Provided records Block Start

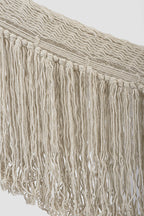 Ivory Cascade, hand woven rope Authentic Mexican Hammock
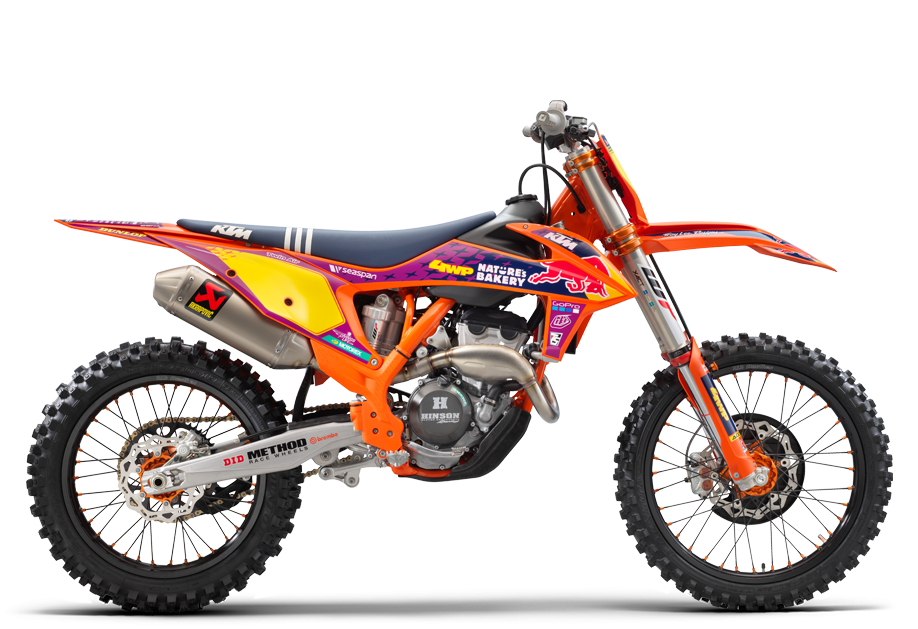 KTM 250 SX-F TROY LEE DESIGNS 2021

Provided records Block End
Provided records Block Start

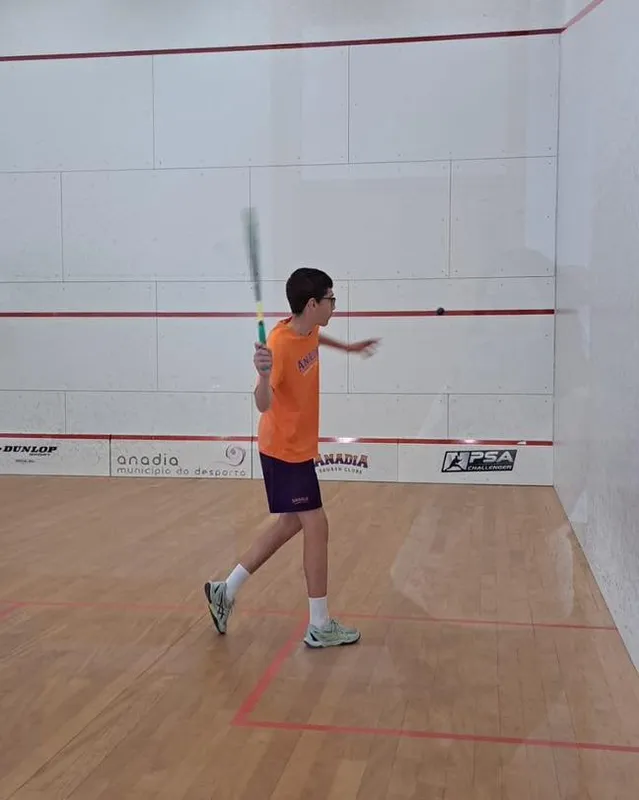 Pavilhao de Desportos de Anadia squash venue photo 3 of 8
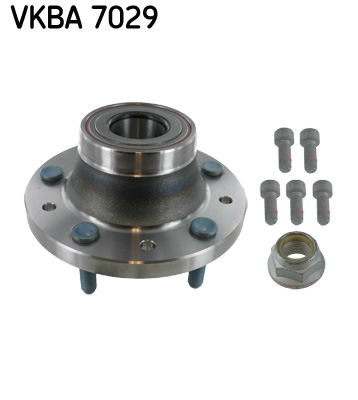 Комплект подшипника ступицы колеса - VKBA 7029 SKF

Provided records Block End

## Task directions
While skipping the pictures, transcribe the data above from the line showing "Ivory Cascade, hand" through the line showing "KTM 250 SX-F TROY LEE DESIGNS 2021", exactly and with both ends.

## Response for this exercise
 Ivory Cascade, hand woven rope Authentic Mexican Hammock
 KTM 250 SX-F TROY LEE DESIGNS 2021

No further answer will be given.